A high performance thread-safe memory-bound Rust cache.
English | 简体中文
Features
- Internal Mutability - Do not need to use
Arc<RwLock<Cache<...>>
for concurrent code, you just needCache<...>
orAsyncCache<...>
- Sync and Async - Stretto support sync and runtime agnostic async.
- In sync, Cache starts two extra OS level threads. One is policy thread, the other is writing thread.
- In async, AsyncCache starts two extra green threads.
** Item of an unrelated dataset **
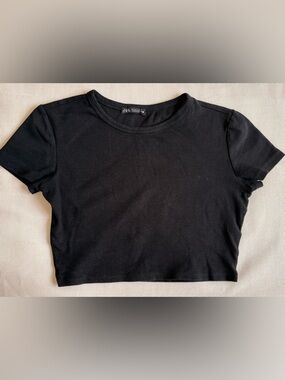 Zara Black Short Sleeve Crop Tee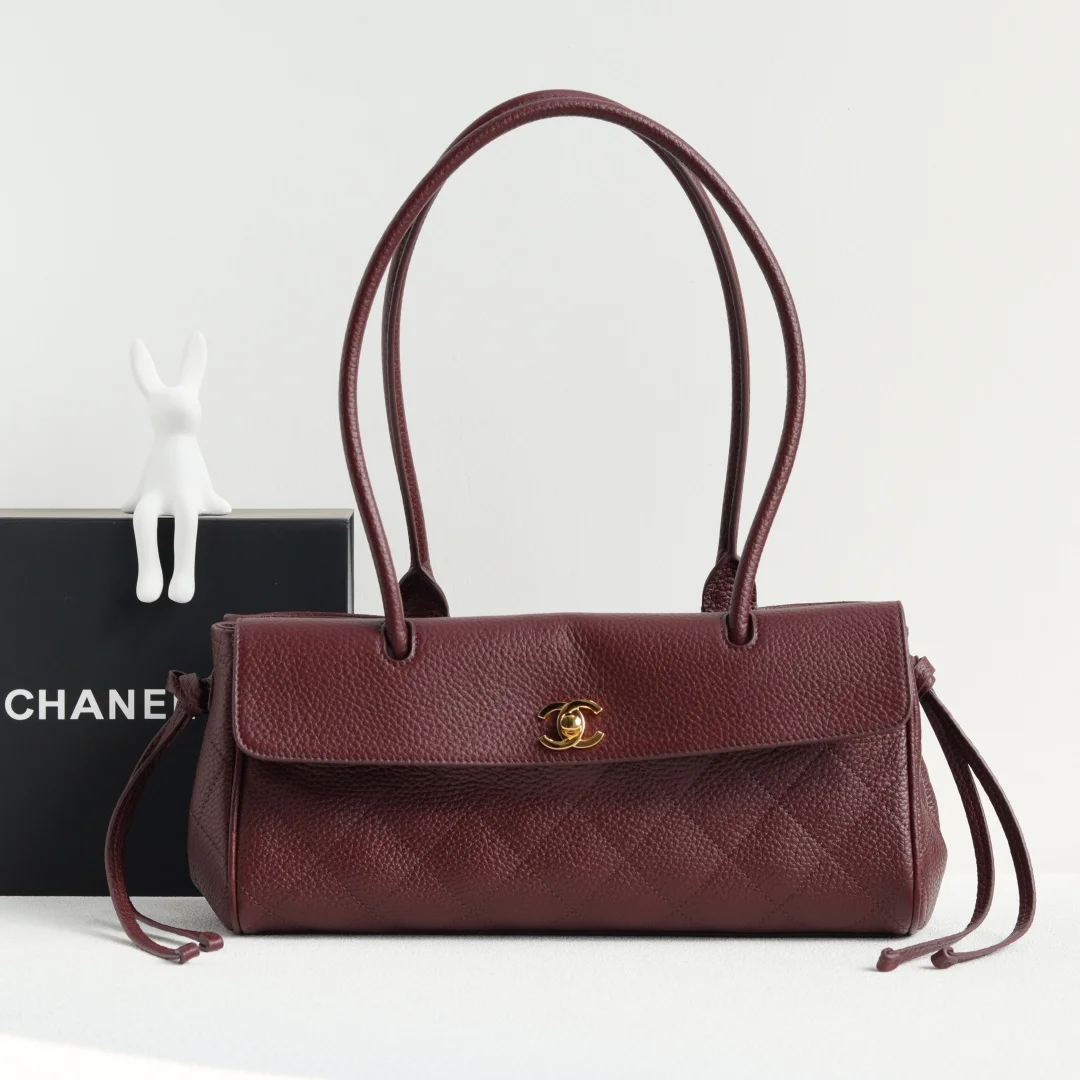 Chanel AS6288 Star Model Lychee Pattern Baguette Bag Women s Shoulder Bag Chanel AS6288 Star Model Lychee Pattern Baguette Bag Women s Shoulder Bag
One is policy thread, the other is writing thread.
- Store policy Stretto only store the value, which means the cache does not store the key.
- High Hit Ratios - with Dgraph's developers unique admission/eviction policy pairing, Ristretto's performance is best in class.
- Eviction: SampledLFU - on par with exact LRU and better performance on Search and Database traces.
- Admission: TinyLFU - extra performance with little memory overhead (12 bits per counter).
- Fast Throughput - use a variety of techniques for managing contention and the result is excellent throughput.
- Cost-Based Eviction - any large new item deemed valuable can evict multiple smaller items (cost could be anything).
- Fully Concurrent - you can use as many threads as you want with little throughput degradation.
- Metrics - optional performance metrics for throughput, hit ratios, and other stats.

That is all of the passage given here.